(Records provided Opens)

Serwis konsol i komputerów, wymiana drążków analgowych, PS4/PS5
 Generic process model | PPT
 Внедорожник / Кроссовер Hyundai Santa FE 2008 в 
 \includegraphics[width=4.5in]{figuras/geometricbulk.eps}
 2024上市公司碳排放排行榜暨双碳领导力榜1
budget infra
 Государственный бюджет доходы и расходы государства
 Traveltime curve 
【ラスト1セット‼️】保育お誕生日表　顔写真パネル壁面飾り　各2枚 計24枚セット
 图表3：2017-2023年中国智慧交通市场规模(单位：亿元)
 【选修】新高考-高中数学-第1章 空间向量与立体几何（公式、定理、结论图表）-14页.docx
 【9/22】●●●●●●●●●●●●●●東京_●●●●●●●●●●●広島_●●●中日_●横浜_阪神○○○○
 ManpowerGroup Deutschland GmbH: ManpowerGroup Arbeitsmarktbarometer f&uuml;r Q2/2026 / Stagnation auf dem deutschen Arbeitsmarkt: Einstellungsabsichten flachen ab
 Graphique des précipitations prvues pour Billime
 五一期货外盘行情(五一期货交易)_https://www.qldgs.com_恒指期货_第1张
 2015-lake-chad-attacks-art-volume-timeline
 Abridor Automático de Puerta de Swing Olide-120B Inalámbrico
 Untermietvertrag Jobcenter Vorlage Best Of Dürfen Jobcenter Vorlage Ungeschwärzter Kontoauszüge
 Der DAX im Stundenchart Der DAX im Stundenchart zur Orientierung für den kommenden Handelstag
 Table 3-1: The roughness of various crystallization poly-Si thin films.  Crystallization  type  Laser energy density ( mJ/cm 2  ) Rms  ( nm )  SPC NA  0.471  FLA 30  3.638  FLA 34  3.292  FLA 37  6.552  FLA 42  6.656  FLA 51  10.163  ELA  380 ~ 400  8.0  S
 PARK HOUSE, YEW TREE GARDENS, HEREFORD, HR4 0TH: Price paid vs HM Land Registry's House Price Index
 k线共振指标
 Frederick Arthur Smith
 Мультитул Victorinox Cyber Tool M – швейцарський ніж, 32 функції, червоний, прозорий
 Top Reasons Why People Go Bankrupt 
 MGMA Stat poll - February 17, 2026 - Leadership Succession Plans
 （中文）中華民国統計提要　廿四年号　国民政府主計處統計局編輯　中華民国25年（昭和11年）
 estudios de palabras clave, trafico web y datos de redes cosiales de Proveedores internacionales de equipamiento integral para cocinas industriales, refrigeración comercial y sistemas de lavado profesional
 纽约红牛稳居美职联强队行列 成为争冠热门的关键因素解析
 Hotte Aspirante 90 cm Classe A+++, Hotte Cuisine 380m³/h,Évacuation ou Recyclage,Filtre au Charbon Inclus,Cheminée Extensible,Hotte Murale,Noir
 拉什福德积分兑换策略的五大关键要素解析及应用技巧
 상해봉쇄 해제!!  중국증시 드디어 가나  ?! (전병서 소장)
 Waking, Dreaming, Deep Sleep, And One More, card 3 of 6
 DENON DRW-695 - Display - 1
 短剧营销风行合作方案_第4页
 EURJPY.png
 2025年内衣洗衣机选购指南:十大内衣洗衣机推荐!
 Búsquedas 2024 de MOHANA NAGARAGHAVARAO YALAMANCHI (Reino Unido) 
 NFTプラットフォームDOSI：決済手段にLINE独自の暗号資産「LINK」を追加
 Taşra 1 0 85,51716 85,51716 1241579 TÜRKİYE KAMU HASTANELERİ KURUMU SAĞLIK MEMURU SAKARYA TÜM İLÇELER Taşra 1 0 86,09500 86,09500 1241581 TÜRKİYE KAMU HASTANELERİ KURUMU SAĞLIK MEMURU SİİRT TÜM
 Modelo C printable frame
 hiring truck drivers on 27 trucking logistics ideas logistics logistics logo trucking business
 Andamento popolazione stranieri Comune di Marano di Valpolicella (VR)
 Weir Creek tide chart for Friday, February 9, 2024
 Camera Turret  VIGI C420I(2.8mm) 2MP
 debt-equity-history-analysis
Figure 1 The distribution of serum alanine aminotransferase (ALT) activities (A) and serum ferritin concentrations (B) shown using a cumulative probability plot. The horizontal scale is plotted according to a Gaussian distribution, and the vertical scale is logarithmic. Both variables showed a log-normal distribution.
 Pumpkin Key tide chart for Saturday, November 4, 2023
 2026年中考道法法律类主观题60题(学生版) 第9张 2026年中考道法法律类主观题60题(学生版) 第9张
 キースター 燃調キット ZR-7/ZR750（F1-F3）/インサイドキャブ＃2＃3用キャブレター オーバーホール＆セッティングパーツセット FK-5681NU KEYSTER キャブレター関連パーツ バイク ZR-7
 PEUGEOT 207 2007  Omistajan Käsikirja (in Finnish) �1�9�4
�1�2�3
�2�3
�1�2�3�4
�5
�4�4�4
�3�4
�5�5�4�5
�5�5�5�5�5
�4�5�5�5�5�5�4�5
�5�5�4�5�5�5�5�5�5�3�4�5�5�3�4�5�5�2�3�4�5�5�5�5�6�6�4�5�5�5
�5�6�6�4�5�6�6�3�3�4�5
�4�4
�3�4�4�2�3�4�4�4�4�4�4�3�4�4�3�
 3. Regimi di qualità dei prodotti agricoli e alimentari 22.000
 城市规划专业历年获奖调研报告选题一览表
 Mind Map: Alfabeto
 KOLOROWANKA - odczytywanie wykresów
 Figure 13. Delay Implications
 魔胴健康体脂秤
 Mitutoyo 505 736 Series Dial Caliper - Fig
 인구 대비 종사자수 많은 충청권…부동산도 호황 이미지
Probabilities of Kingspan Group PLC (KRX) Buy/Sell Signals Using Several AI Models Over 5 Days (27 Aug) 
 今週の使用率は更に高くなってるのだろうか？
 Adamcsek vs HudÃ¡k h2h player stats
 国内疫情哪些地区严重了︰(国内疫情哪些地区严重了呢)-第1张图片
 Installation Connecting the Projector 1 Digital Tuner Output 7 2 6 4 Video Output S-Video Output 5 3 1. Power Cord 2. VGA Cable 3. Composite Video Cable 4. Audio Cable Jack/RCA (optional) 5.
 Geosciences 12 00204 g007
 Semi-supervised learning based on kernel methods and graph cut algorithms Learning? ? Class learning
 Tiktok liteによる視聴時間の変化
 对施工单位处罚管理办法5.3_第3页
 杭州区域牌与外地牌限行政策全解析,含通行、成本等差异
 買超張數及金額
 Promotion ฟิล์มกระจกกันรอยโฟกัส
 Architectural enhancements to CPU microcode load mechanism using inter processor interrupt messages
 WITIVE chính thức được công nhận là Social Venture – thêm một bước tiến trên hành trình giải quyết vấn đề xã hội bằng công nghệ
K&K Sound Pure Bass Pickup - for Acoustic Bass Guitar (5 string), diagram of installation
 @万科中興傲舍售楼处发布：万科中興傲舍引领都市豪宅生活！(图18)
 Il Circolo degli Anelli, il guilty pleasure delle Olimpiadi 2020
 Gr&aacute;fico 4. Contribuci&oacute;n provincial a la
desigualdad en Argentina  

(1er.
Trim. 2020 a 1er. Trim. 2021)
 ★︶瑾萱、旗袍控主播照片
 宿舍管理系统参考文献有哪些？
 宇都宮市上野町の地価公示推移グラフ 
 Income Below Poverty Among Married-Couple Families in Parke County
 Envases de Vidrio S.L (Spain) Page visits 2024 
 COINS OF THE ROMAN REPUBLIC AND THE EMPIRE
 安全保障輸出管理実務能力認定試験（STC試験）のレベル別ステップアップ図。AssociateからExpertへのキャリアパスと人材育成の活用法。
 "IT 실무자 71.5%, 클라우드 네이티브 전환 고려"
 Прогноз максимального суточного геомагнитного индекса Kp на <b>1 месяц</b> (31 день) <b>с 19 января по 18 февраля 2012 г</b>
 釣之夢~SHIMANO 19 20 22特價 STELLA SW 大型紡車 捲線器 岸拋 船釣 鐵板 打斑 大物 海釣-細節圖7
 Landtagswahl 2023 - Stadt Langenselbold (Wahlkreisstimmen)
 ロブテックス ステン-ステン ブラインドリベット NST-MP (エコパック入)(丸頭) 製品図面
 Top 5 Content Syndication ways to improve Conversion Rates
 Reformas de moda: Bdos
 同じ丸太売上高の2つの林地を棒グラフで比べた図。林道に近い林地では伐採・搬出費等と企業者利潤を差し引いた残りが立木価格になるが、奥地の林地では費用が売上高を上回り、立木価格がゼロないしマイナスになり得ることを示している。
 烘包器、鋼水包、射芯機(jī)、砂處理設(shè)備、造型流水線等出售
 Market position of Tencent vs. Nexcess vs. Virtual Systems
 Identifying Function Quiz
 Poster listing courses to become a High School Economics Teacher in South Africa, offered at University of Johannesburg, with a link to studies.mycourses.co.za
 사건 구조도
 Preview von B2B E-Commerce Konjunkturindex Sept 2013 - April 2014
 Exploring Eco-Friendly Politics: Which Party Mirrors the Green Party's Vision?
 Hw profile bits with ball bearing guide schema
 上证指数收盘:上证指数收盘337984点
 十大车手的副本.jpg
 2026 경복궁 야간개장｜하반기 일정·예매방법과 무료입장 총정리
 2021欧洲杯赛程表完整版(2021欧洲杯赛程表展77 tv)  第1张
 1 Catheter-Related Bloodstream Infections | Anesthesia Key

(Records provided Closes)

▶ _Directions for this task_: Transcribe the lines above between the line holding "Probabilities of Kingspan" and the line holding "Market position of", inclusive, exactly as they stand and with nothing added.

▶ _Output below_:
Probabilities of Kingspan Group PLC (KRX) Buy/Sell Signals Using Several AI Models Over 5 Days (27 Aug) 
 今週の使用率は更に高くなってるのだろうか？
 Adamcsek vs HudÃ¡k h2h player stats
 国内疫情哪些地区严重了︰(国内疫情哪些地区严重了呢)-第1张图片
 Installation Connecting the Projector 1 Digital Tuner Output 7 2 6 4 Video Output S-Video Output 5 3 1. Power Cord 2. VGA Cable 3. Composite Video Cable 4. Audio Cable Jack/RCA (optional) 5.
 Geosciences 12 00204 g007
 Semi-supervised learning based on kernel methods and graph cut algorithms Learning? ? Class learning
 Tiktok liteによる視聴時間の変化
 对施工单位处罚管理办法5.3_第3页
 杭州区域牌与外地牌限行政策全解析,含通行、成本等差异
 買超張數及金額
 Promotion ฟิล์มกระจกกันรอยโฟกัส
 Architectural enhancements to CPU microcode load mechanism using inter processor interrupt messages
 WITIVE chính thức được công nhận là Social Venture – thêm một bước tiến trên hành trình giải quyết vấn đề xã hội bằng công nghệ
K&K Sound Pure Bass Pickup - for Acoustic Bass Guitar (5 string), diagram of installation
 @万科中興傲舍售楼处发布：万科中興傲舍引领都市豪宅生活！(图18)
 Il Circolo degli Anelli, il guilty pleasure delle Olimpiadi 2020
 Gr&aacute;fico 4. Contribuci&oacute;n provincial a la
desigualdad en Argentina  

(1er.
Trim. 2020 a 1er. Trim. 2021)
 ★︶瑾萱、旗袍控主播照片
 宿舍管理系统参考文献有哪些？
 宇都宮市上野町の地価公示推移グラフ 
 Income Below Poverty Among Married-Couple Families in Parke County
 Envases de Vidrio S.L (Spain) Page visits 2024 
 COINS OF THE ROMAN REPUBLIC AND THE EMPIRE
 安全保障輸出管理実務能力認定試験（STC試験）のレベル別ステップアップ図。AssociateからExpertへのキャリアパスと人材育成の活用法。
 "IT 실무자 71.5%, 클라우드 네이티브 전환 고려"
 Прогноз максимального суточного геомагнитного индекса Kp на <b>1 месяц</b> (31 день) <b>с 19 января по 18 февраля 2012 г</b>
 釣之夢~SHIMANO 19 20 22特價 STELLA SW 大型紡車 捲線器 岸拋 船釣 鐵板 打斑 大物 海釣-細節圖7
 Landtagswahl 2023 - Stadt Langenselbold (Wahlkreisstimmen)
 ロブテックス ステン-ステン ブラインドリベット NST-MP (エコパック入)(丸頭) 製品図面
 Top 5 Content Syndication ways to improve Conversion Rates
 Reformas de moda: Bdos
 同じ丸太売上高の2つの林地を棒グラフで比べた図。林道に近い林地では伐採・搬出費等と企業者利潤を差し引いた残りが立木価格になるが、奥地の林地では費用が売上高を上回り、立木価格がゼロないしマイナスになり得ることを示している。
 烘包器、鋼水包、射芯機(jī)、砂處理設(shè)備、造型流水線等出售
 Market position of Tencent vs. Nexcess vs. Virtual Systems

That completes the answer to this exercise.